*** DATASET ENTRIES

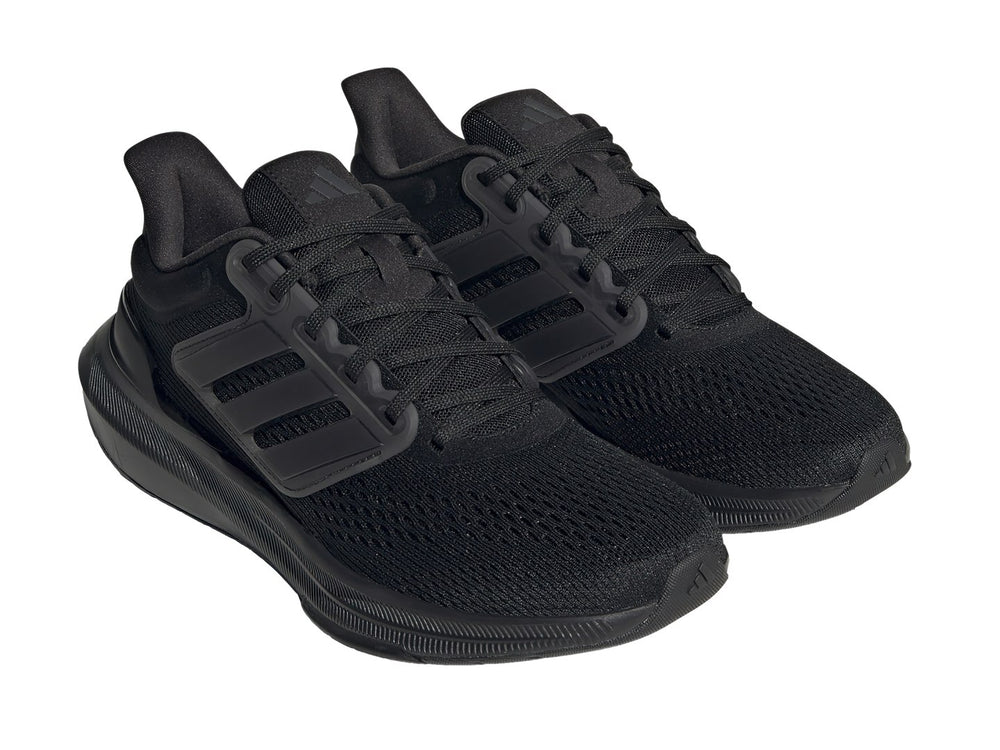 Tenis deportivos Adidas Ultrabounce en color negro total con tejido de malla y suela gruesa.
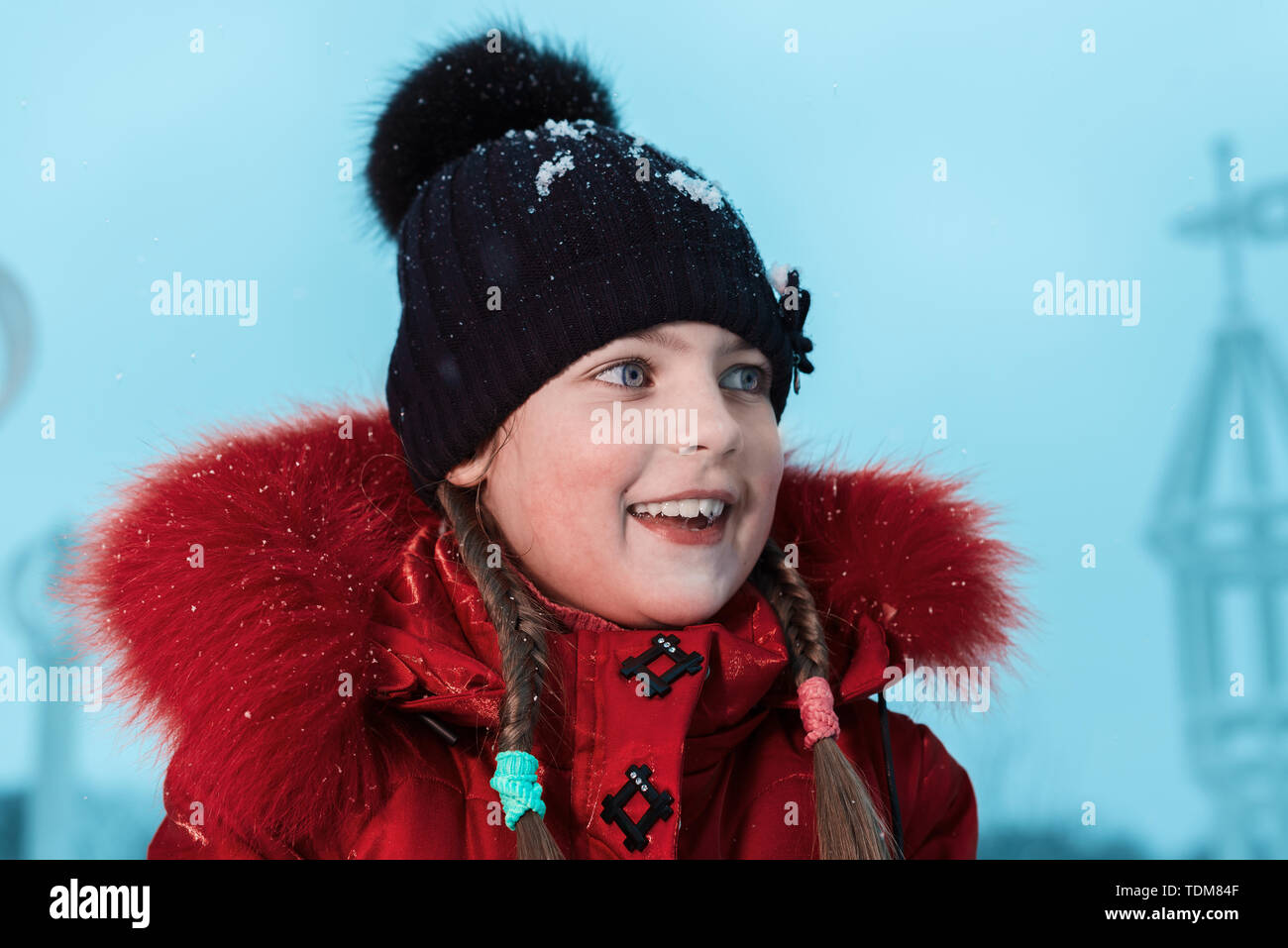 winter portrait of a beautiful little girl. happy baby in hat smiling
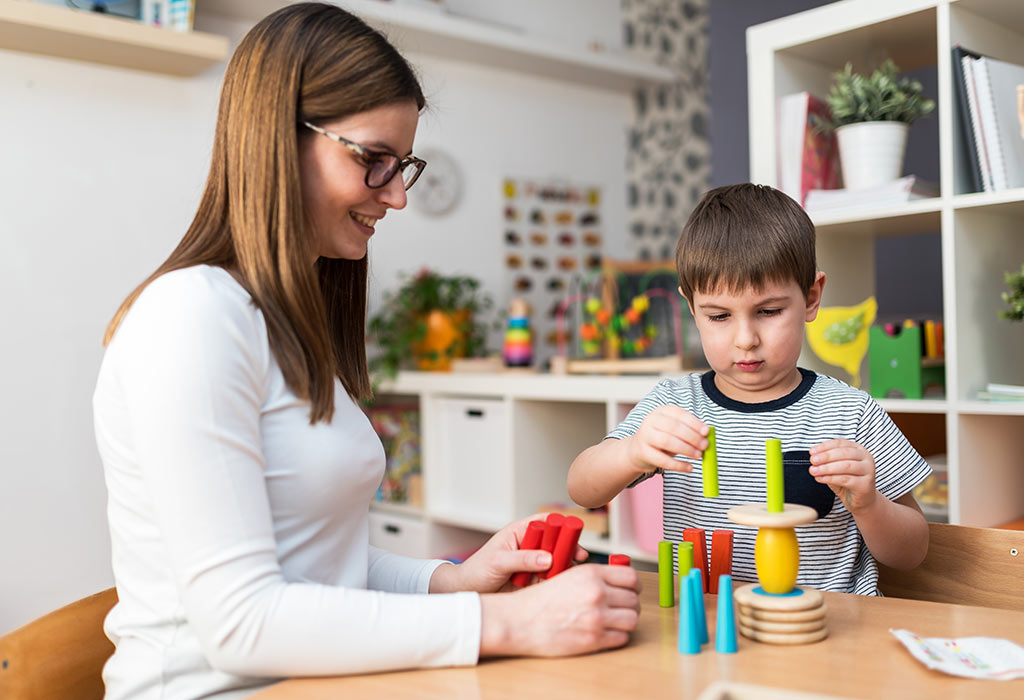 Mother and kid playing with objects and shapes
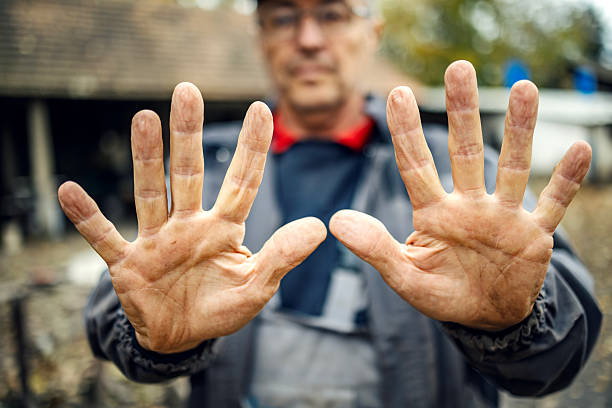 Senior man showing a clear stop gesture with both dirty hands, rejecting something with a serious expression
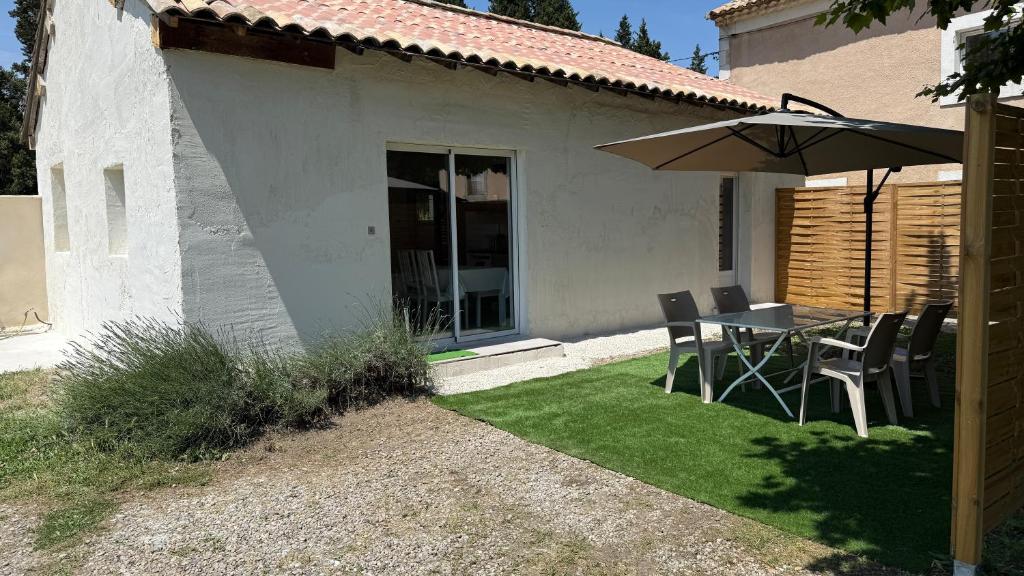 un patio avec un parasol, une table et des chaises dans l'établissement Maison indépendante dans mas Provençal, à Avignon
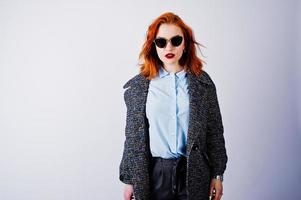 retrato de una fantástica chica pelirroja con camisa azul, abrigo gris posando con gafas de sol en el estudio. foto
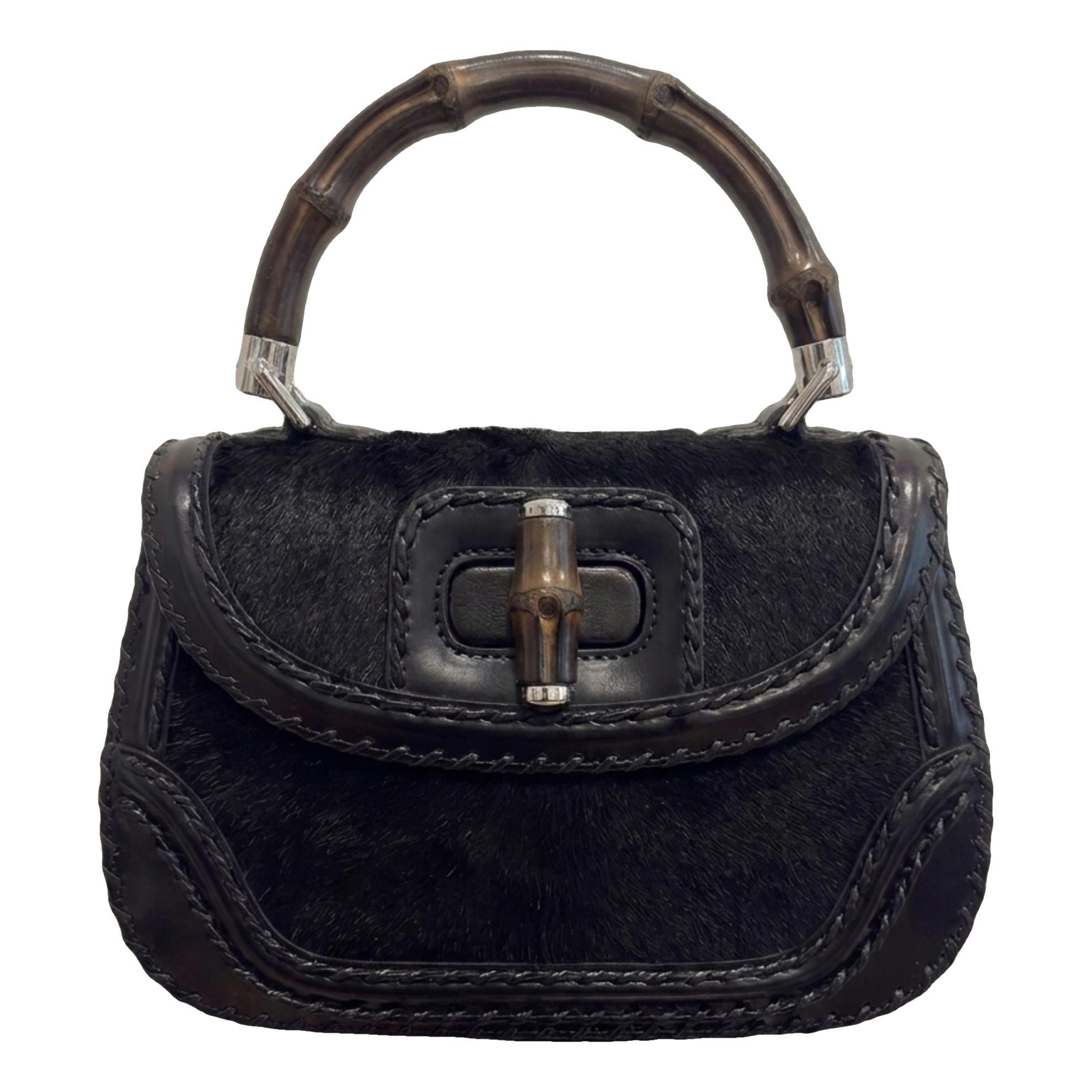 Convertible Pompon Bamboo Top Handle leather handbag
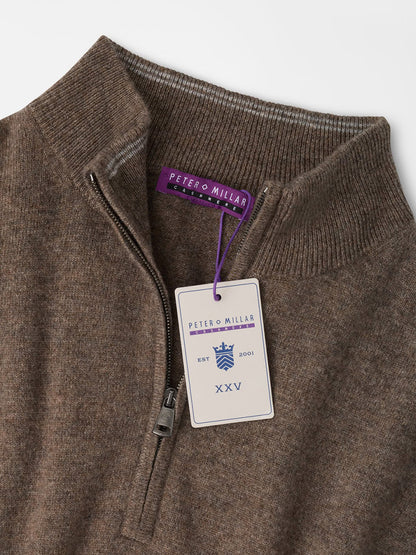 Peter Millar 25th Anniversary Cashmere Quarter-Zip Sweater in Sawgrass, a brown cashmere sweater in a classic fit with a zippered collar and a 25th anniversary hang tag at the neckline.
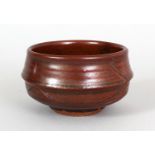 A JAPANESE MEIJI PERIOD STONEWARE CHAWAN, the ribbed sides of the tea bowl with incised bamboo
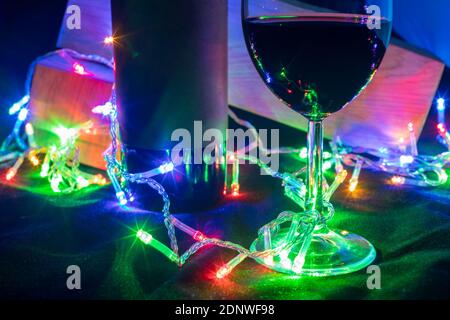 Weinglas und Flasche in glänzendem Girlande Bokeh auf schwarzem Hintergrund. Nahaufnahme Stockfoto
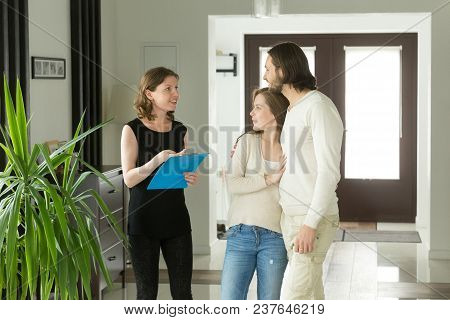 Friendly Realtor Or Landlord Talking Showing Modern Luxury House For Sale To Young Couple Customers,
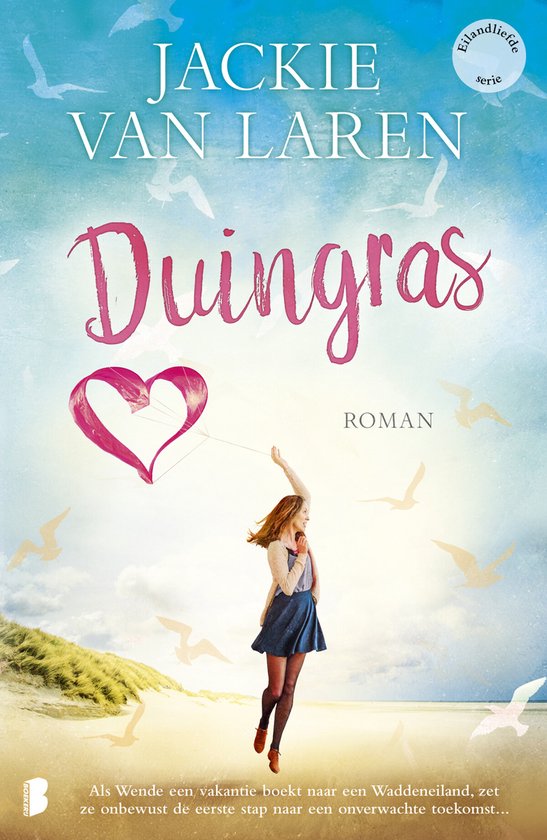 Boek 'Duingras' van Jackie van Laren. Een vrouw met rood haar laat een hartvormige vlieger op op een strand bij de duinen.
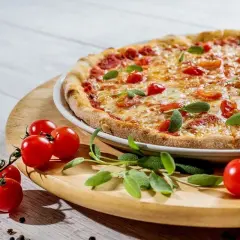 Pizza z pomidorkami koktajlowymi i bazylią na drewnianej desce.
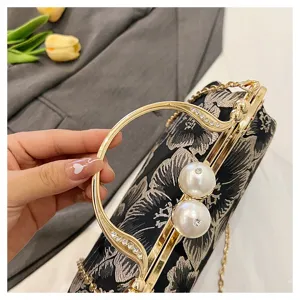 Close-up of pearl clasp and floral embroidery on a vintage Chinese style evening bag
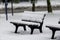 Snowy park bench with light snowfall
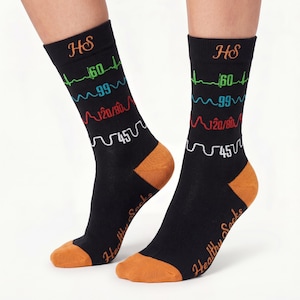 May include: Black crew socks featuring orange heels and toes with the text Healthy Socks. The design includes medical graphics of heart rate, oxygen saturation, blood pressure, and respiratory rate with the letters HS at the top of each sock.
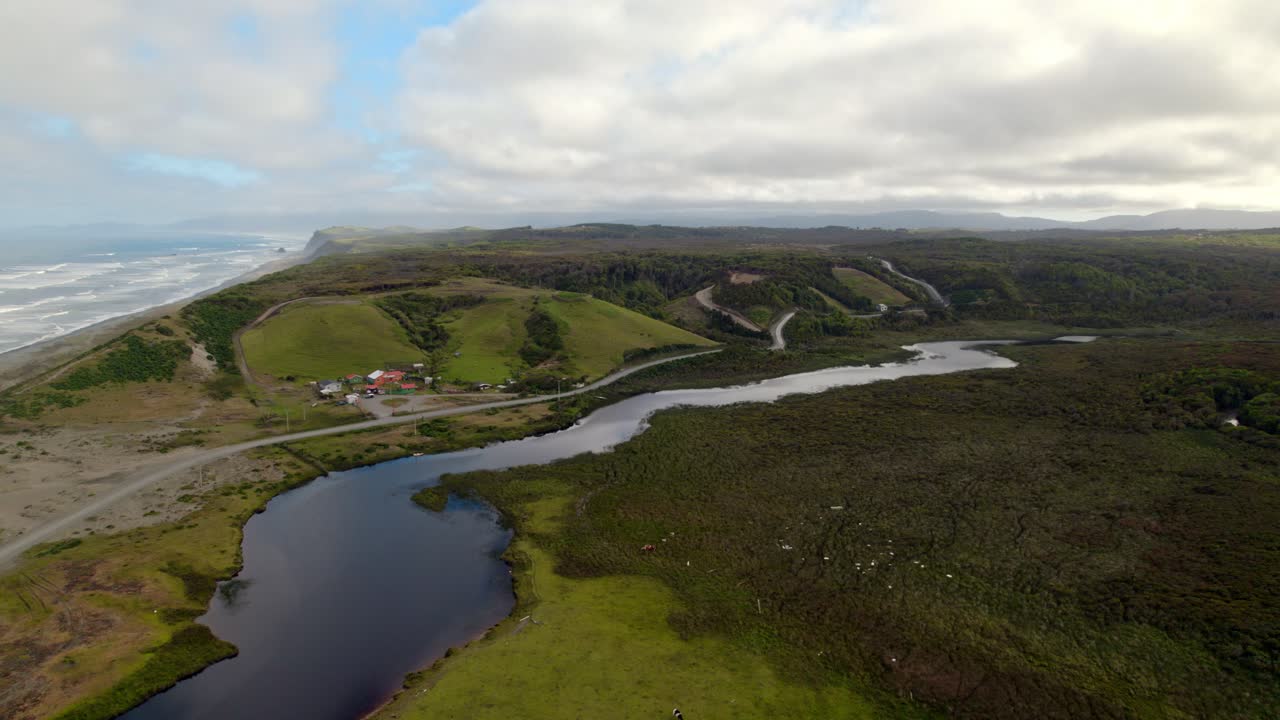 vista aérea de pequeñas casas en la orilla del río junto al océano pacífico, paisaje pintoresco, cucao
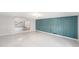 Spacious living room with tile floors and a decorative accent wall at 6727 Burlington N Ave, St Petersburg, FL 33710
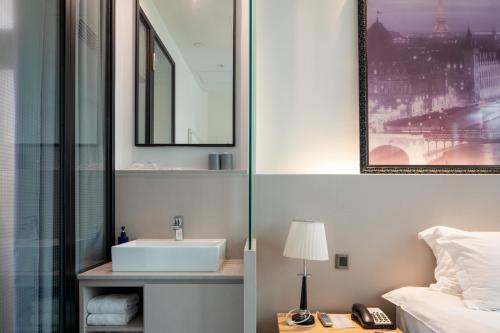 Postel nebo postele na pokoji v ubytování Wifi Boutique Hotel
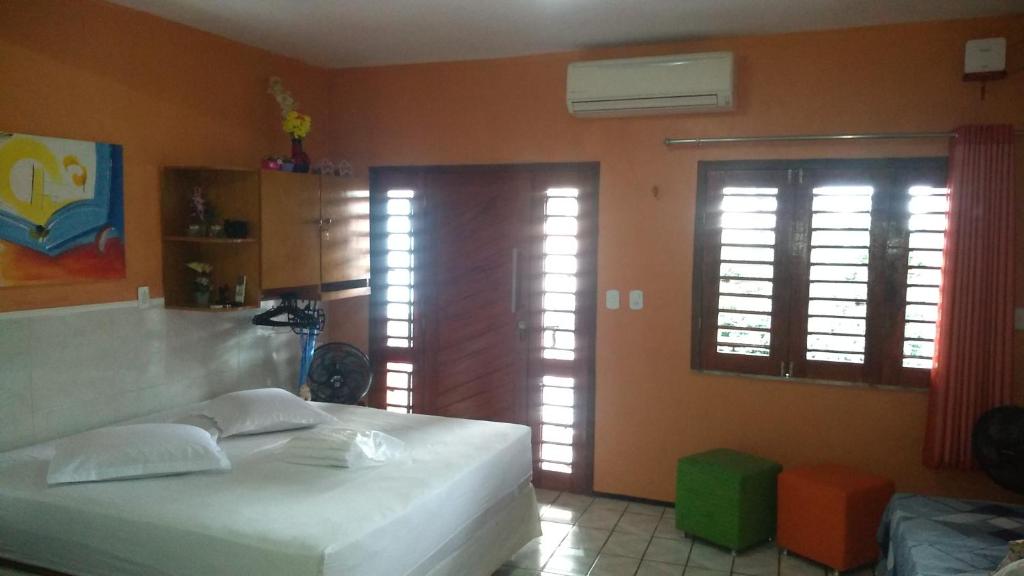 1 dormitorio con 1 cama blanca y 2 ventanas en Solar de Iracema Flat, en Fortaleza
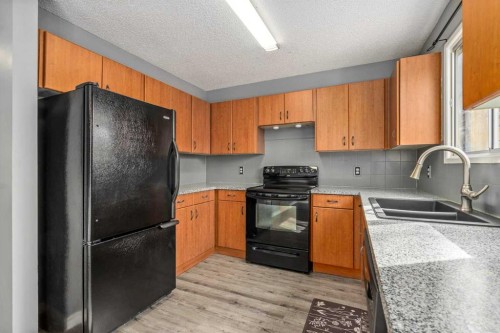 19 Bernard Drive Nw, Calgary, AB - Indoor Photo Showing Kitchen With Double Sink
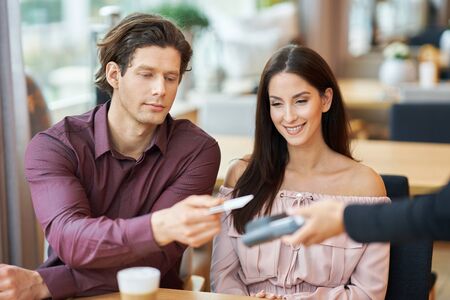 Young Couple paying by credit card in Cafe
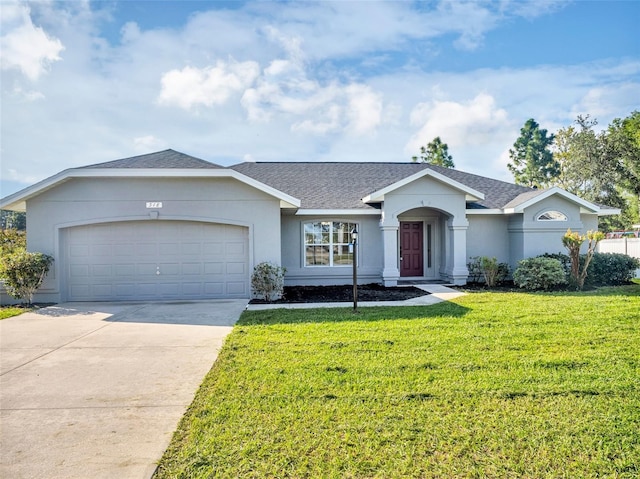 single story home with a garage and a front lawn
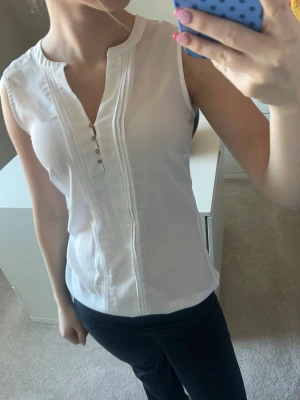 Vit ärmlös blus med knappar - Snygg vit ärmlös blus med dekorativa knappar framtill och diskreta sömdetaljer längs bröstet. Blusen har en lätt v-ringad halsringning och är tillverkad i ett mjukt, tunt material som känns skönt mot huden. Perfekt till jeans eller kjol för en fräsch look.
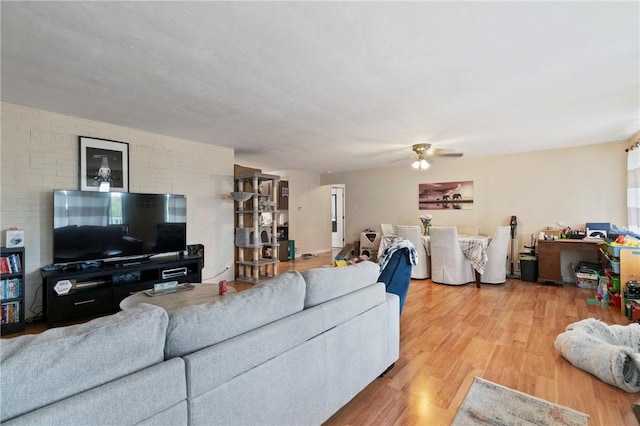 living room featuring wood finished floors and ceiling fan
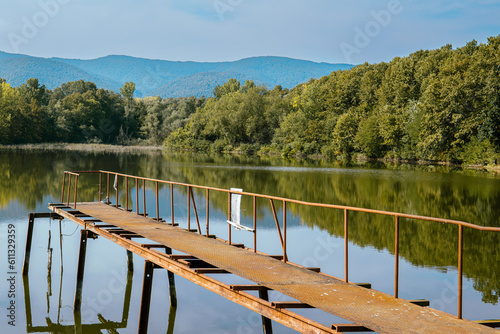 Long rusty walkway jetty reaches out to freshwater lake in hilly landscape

******

(YOUR INSTRUCTIONS): Whatever lies between the first line of the data and the line holding "un patio avec", inclusive, should be repeated exactly, apart from the pictures.

(WRITTEN ANSWER):
 Tenis deportivos Adidas Ultrabounce en color negro total con tejido de malla y suela gruesa.
 winter portrait of a beautiful little girl. happy baby in hat smiling
 Mother and kid playing with objects and shapes
 Senior man showing a clear stop gesture with both dirty hands, rejecting something with a serious expression
 un patio avec un parasol, une table et des chaises dans l'établissement Maison indépendante dans mas Provençal, à Avignon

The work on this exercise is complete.